May 1: a show of hands
Published by Mark Marino April 25th, 2007 in hyperfic, Features, Publications.A year ago, the immigration reform movement swept through city centers across the United States in an historic series of marches. Over a million workers and their families took to the streets. This year a second wave of marches has been planned (May Day 2007 aka The Great American Boycott II). Although media outlets frequently focused on Latin American immigrants, the rallies invited all immigrants and their supporters to make their presence known, and many answered the call. After attending that march and being swept in the currents of political change, I began a show of hands.
a show of hands
Culminating in the May 1, 2006 marches, a show of hands is an adaptive hypertext written on Literatronica (or Literatronic), a system developed by Colombian doctoral candidate (FSU) Juan B. Gutierrez. Although the piece is in-progress, I wanted to take this moment to present its early manifestation in commemoration of the marches that inspired it.
The icon of a show of hands is a photomosaic (there are currently two in the piece), featuring images of the hands of the marchers as well as of those of other people I encountered through Los Angeles at the time. The photomosaics also act as navigational maps, leading to the various storyheads in the tale. The reader chooses from the hands.
The hands could not be reduced or flattened to an iconic Brown Power fist. While at the march, I snapped pictures of hands, waving flags, raising banners, cradling cell phones, and aiming cameras. Marches often become a single image in the newspaper, members dissolve into a solitary stream. However, the vision, this showing of hands could not have been predicted, and the hands themselves, in all their activities and difference, good not have been imagined. And this is the age of multiple media as this Flickr set from the Chicago march attests.
The photomosaics bring together these photographs to form the broader image of this moment. Of course, due to the gaps inherent in mosaics, the image requires the viewer to complete it, to integrate the pieces, to recognize the larger pattern in what might be called gestalt.
Adaptive hypertext meets telenovela
Though the paths ultimately flow into the streets of downtown LA on that fateful day, a show of hands is about more than just the march. It would be an abuse of story, in my opinion, to turn any tale into some political tract with dialogue. Stories present an opportunity to consider motivation and history.

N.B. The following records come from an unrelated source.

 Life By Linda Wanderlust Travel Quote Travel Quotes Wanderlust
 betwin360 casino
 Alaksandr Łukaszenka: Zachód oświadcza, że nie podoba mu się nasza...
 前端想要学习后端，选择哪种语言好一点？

The bulk of the scenes present vignettes or snapshots from the lives of the sisters de la Palma and their family members.

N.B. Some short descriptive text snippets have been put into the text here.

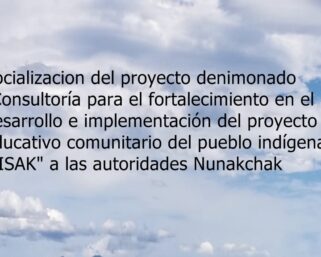 Socializacion del proyecto  a las autoridades Nunakchak denominado, fortalecimiento y valoración PEM, Pisitao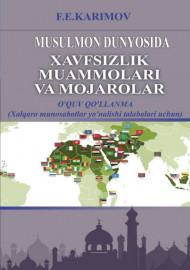 Musulmon dunyosida xavfsizlik muammolari va mojarolar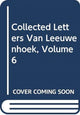 Book cover of: Collected Letters Van Leeuwenhoek, Volume 6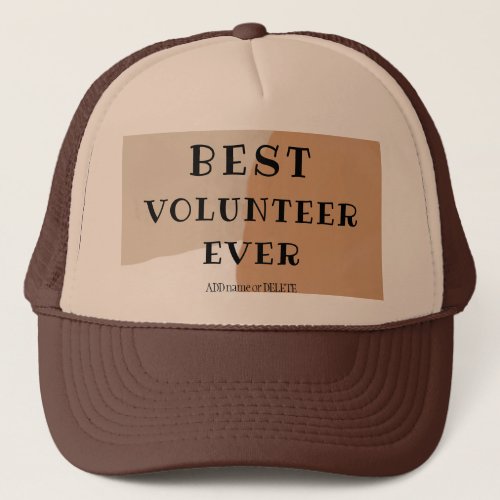 Best volunteer ever great volunteer thank you gift trucker hat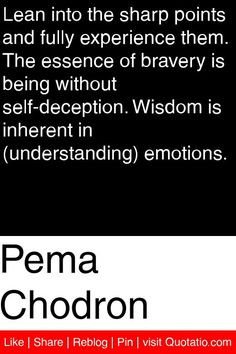 ... self-deception. Wisdom is inherent in (understanding) emotions. #
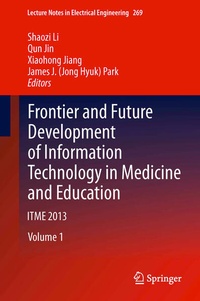 Enlarge image Cover: Frontier and Future Development of Information Technology in Medicine and Education - Springer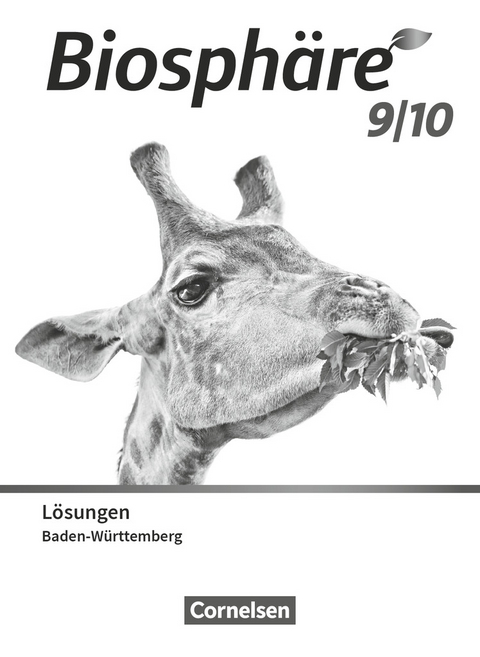 Biosphäre Sekundarstufe I - Gymnasium Baden-Württemberg 2022 - 9./10. Schuljahr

A show moves away from the experimental structure of the new novel towards the more familiar and popular form of telenovelas and melodramas, structures that support simultaneous plot development.
As Literatronica the system makes hypertext accessible to a broader array of readers, the narrative draws upon the everyday, a melodrama, a telanovela. This form of melodrama, shamelessly popular, disjoint, serialized, and very urban in its structure offers itself to be the genre of community. It is the form of multiple people whose paths intersect and cross, whose lines of flight whirl around and weave together the streets of the city. And what more appropriate form for Los Angeles, a city of immigrants, a city of stories, a city where melodrama reigns supreme on television and film screens and in all of our dreams. a show of hands is a tale of a powerful sisters and the bonds that they share. Their own political activation is so rooted in their lives, their families, and their city.

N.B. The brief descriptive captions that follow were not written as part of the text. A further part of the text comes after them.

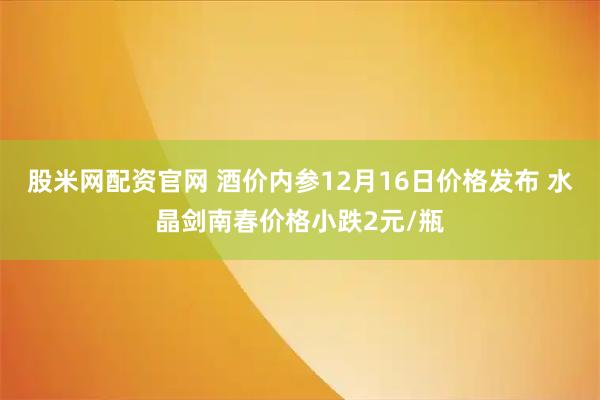 股米网配资官网 酒价内参12月16日价格发布 水晶剑南春价格小跌2元/瓶
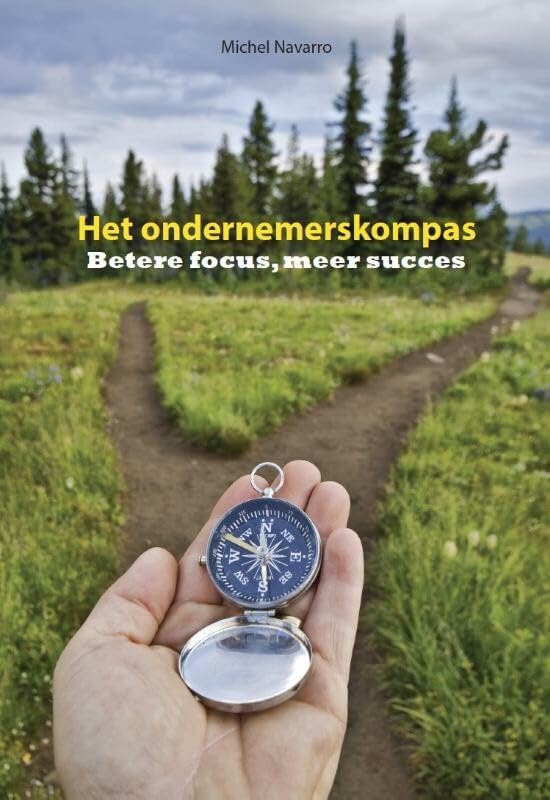 Het ondernemerskompas: betere focus, meer succes book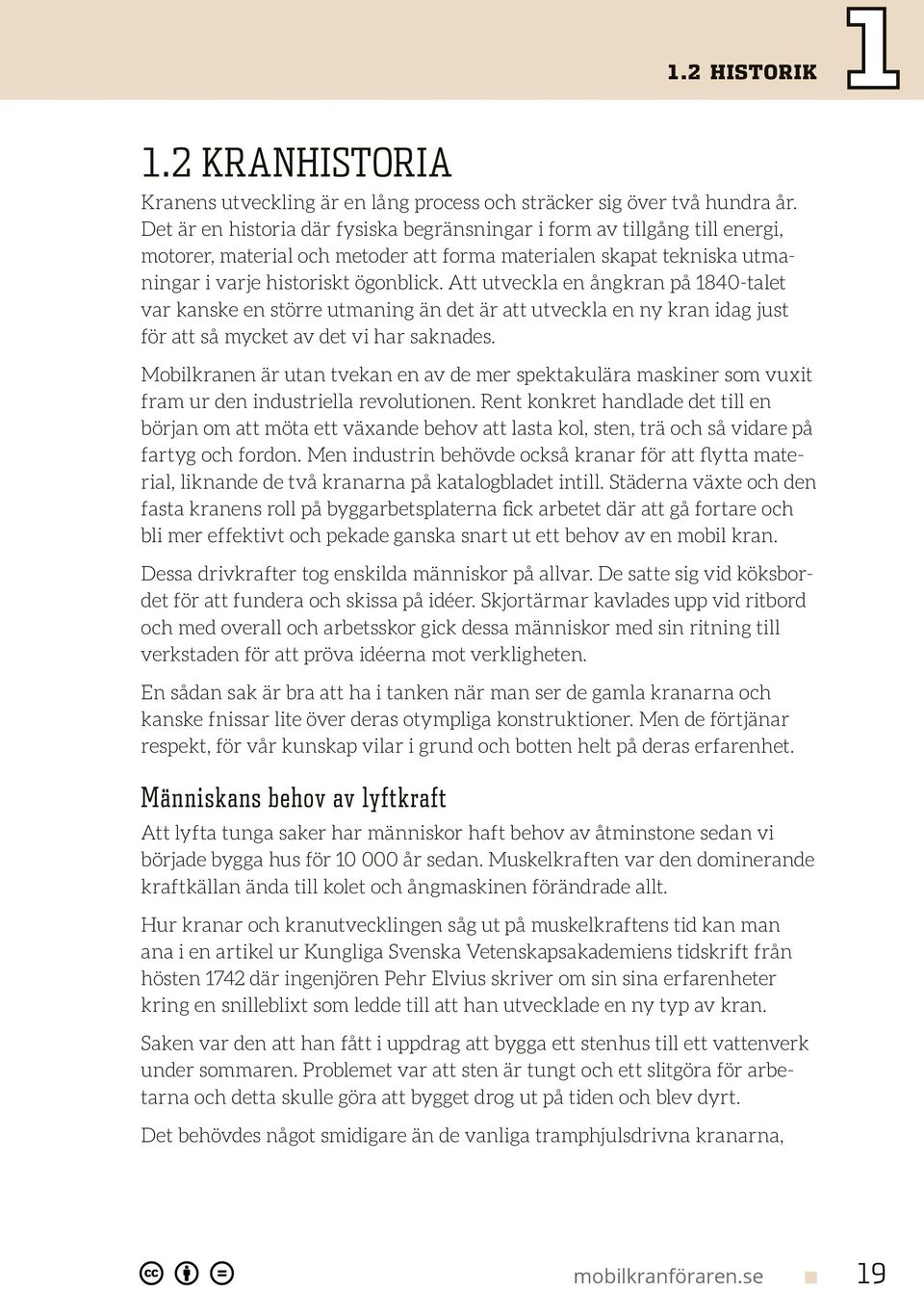 Att utveckla en ångkran på 1840-talet var kanske en större utmaning än det är att utveckla en ny kran idag just för att så mycket av det vi har saknades.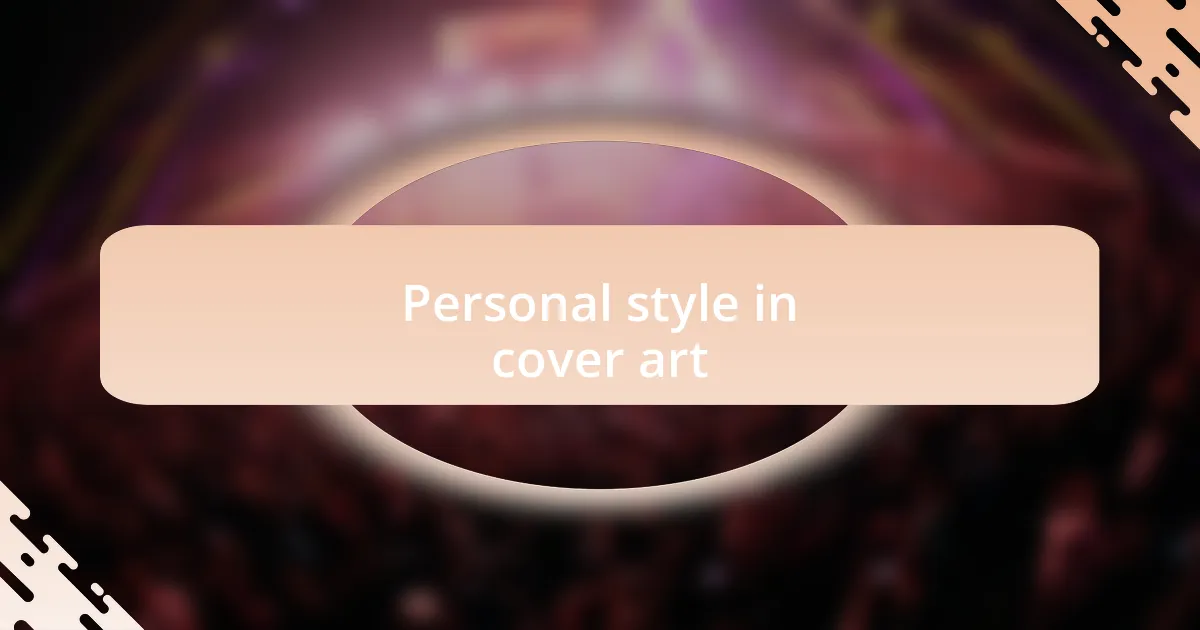 Personal style in cover art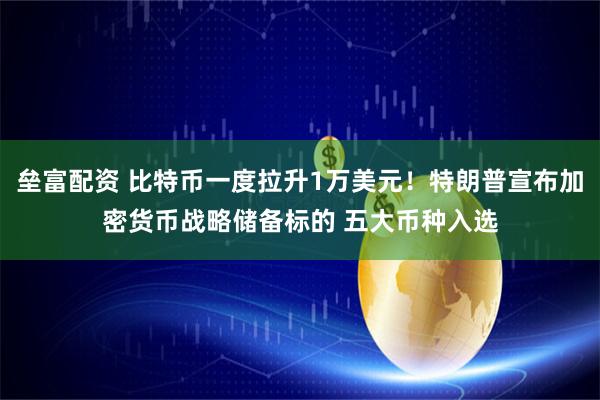 垒富配资 比特币一度拉升1万美元！特朗普宣布加密货币战略储备标的 五大币种入选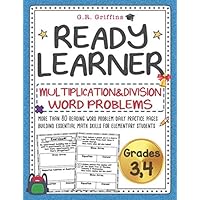 Ready Learner : Multiplication & Division Word Problems Grade 3 4: More than 80 Reading Word Problems Daily Practice Pages , Building Essential Math ... for Elementary students. (Ready Learner Math)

It is a story of coming together, a meeting of the minds and bodies and souls depicted through hands. And in this piece, the reader gets to join but does not have to believe in that event. Readers will surely trace the paths there and back. By adding the hypertextual to the exhibit, the artists acknowledge the crucial role of technology in creating this moment, whether through the MySpace pages of high school students or the cell phones carried by the marchers. Here, then, is the adaptive technology in the ring of computers, the walls becoming waves, radiating out, broadcasting the signal to those who traverse, trace, and form the network.
The adaptive hypertext system, Literatronica, allows readers to pursue the various narrative threads as they wish, while ensuring that they will always encounter the entire story. Rather than Choose Your Own Adventure, a show of hands is Collect Our Own History. As the sisters activate and mobilize, becoming involved in the march, so to does the reader actively collect their stories, perhaps taking the path of least resistance, flowing into the story, perhaps not.
Future showings of hands:
I plan to read from a show of hands for the first time at the ELO conference at MITH in May, just a day the anniversary of the first march. The next step will be to translate the text into Spanish.
Last month, I had the opportunity to adapt an excerpt from a show of hands to the stage and plan to further pursue such an adaptation in the future, combining the interactive system with actors and audience.
As a show of hands is still in its early stages, I encourage readers to explore it and to send their feedback. Remember to register for Literatronica (even just as a guest) so the system can best adapt to your reading habits.
Literatronica is available to authors who are interested in developing their own literary hypertexts. Readers can see a list of the current selections at the site. Contact Gutierrez for more information.
I love Show of Hands. I was quite moved by the experience and I’m thrilled to hear you did a stage adaptation. Would be great if it was filmed?…
Thank you for your words on “a show of hands,” Christy.
Filming would be interesting, especially because then a film version could be built similar to the current text version.